Without a deeper understanding of human interactions, these agents fall short of fostering the relationships essential for long-term loyalty and engagement. Experience-focused AI solutions will require businesses to fundamentally rethink how they engage with and serve customers and employees alike.
This deeper connection matters. A new report from Qualtrics and McKinsey shows companies using AI to improve customer experience stand to gain up to $1.3 trillion by using AI to improve the experiences they deliver to customers.
However, the same report shows that a majority of senior executives are reluctant to lead their industry in AI adoption—just 15% of executives aspire to be at the forefront of how AI changes the business landscape. Financial gains aside, the fact that executives are reluctant to dive into this new world headfirst is not surprising.
As AI systems become increasingly autonomous and interconnected, the challenges in execution grow in complexity. The rapid evolution of AI capabilities is revealing significant limitations in many organizations’ technology infrastructures, from disconnected platforms, data silos and rigid architectures to insufficient computing power, all of which prevent them from fully leveraging AI.
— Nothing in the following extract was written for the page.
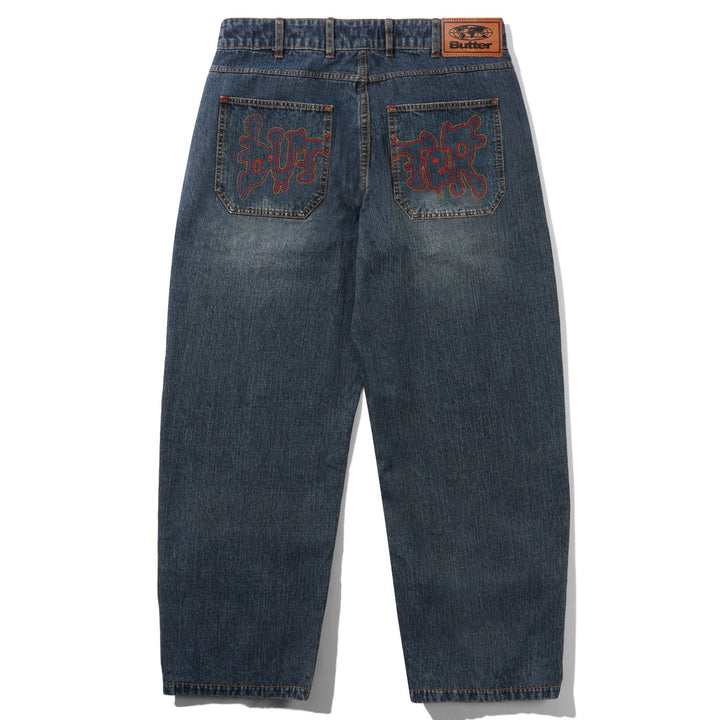 Butter Goods Blotch Denim Jeans Streaky Navy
The constantly changing AI landscape leaves many leaders questioning where to start. AI’s true potential is realized through coordinated transformation. In this article, I’ll outline three steps, which I’ve found particularly effective in my own work, that every organization can take to prepare for the agentic future.
Build A Future-Ready Technology And Data Foundation With Omnichannel Insights
By collecting and unifying experience data from every customer interaction, from in-store purchases and social media engagement to post-purchase support, mobile apps and email communications, organizations create a complete view of the customer journey. This integration allows AI to understand the full customer journey and generate accurate, real-time insights into experiences at each stage. Teams can use natural language prompts to access these insights, helping them identify ways to improve the customer experience at scale across every channel and touchpoint. This integrated approach is already being used today to improve sales cycle velocity, conversion rates, time to value, customer loyalty and net revenue retention.
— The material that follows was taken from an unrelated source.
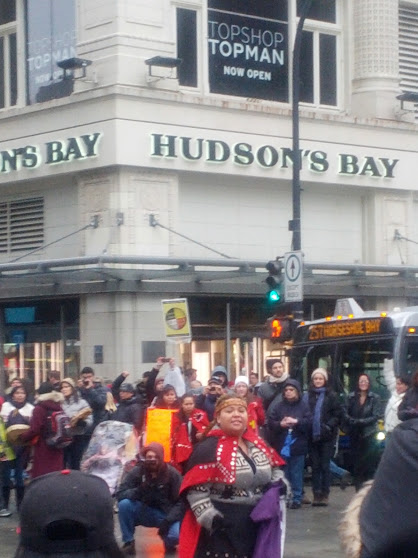 The IdleNoMore protest in front of the Hudson's Bay store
Organizations will likely adopt multiple agentic AI platforms, but the key to their success lies in establishing a single, unified data schema for all agents to pull from. Ensuring that data delivered to each service comes from a curated, single source is essential, as this foundational data supply chain is critical for effective AI performance and decision making.
Set Clear Policies For Risk, Ethical Practices And Governance
Organizations need to set clear guidelines for responsible AI use, prioritizing strong protections for sensitive data and addressing potential biases. These foundational principles and controls are essential for building trust in AI adoption and ensuring compliance with changing regulatory standards.
A healthcare organization I worked with recently put this into action to avoid bias in their healthcare AI. They knew that AI models trained solely on their relatively young, healthy state population might produce biased outcomes compared to other regions. This proactive approach to avoid bias has led to successful AI implementations, such as an emergency department stroke-detection system, which automatically alerts the stroke team when it identifies qualifying conditions.
Transitioning from isolated AI pilots to organization-wide strategies requires coordinated oversight and collaboration among customer-facing, business and technology teams. Leading organizations achieve this by establishing clear decision-making processes and accountability for AI projects, often through dedicated teams responsible for evaluation, prioritization and implementation oversight.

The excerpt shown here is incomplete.